> Mr. Parry believes that the metric system will prove to be outdated - there
> are better systems. He says that advanced computers use a 16 base system;
> the computers that control guided missiles cannot do decimal calculations;
> decimal calculations are too slow! Mr. Robert Parry is doing a first class
> job. He should be given support.

I have not programmed guided missiles, but I have programmed barcode readers 
and battery chargers. The battery charger uses an idiosyncratic unit equal to 
a seventeenth of a volt. It uses an 8-bit ADC (0-255) to digitize a range of 
0 to 15 V. The barcode reader uses a time unit of 1/1152000 s, or something 
like that, to measure bar widths.
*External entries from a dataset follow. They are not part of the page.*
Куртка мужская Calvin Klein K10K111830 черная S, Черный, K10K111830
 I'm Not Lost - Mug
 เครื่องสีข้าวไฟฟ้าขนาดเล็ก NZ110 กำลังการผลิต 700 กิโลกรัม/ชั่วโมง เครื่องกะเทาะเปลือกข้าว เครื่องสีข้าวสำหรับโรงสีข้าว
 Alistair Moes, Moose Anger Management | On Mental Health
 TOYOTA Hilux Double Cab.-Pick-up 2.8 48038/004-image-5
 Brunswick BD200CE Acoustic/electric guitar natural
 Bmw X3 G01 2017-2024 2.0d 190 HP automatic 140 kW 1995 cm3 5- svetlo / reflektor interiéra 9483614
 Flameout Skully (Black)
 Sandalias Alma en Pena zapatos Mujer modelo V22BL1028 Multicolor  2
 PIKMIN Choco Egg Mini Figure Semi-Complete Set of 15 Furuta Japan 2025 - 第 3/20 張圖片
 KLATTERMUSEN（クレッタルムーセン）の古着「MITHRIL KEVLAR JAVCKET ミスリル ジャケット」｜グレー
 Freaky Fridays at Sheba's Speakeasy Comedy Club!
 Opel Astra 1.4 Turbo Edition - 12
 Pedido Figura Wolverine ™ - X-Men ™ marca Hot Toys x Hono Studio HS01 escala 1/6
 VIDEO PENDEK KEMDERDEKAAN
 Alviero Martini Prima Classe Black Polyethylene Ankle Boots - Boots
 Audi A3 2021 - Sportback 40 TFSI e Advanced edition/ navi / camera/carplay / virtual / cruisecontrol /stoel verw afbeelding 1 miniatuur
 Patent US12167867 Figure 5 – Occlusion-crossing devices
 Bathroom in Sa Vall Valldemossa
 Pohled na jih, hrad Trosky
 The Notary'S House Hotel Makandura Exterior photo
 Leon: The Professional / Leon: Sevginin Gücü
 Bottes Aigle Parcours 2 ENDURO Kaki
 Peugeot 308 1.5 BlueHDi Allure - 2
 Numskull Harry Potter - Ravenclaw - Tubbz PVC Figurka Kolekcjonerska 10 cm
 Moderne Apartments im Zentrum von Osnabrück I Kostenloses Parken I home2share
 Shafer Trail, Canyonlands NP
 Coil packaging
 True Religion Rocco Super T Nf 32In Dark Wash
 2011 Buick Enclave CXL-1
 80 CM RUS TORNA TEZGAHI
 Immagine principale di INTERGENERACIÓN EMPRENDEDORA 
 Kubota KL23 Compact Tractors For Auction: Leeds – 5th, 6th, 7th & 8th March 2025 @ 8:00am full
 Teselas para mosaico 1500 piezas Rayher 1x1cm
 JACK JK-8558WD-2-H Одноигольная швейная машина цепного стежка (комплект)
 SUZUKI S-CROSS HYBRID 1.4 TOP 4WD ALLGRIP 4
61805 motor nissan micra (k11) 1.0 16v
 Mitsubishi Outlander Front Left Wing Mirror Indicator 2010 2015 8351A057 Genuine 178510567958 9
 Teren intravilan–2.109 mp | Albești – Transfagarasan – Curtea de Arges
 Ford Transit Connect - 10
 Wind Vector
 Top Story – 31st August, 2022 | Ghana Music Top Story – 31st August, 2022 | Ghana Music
The timer overflows in 65536 of these 
units. Its clock rate, IIRR, was chosen to be a multiple of 9600 Hz so that 
it can talk in common baud rates. These idiosyncratic units have nothing to 
do with an all-purpose measuring system with a consistent numeric base, 
except for being defined in terms of it.

As to the base of such a system, it could have been 16, 20, 60, or 10, as long 
as most humans know how to calculate in that base. Base 20 was used in what 
are now northern Spain, France, England, and Guatemala, and base 60 was used 
in Babylonia. Base 10 has won out, and that is what the metric system is 
based on. There is no other general-purpose measuring system with a different 
base; other sets of units have numeric mishmashes.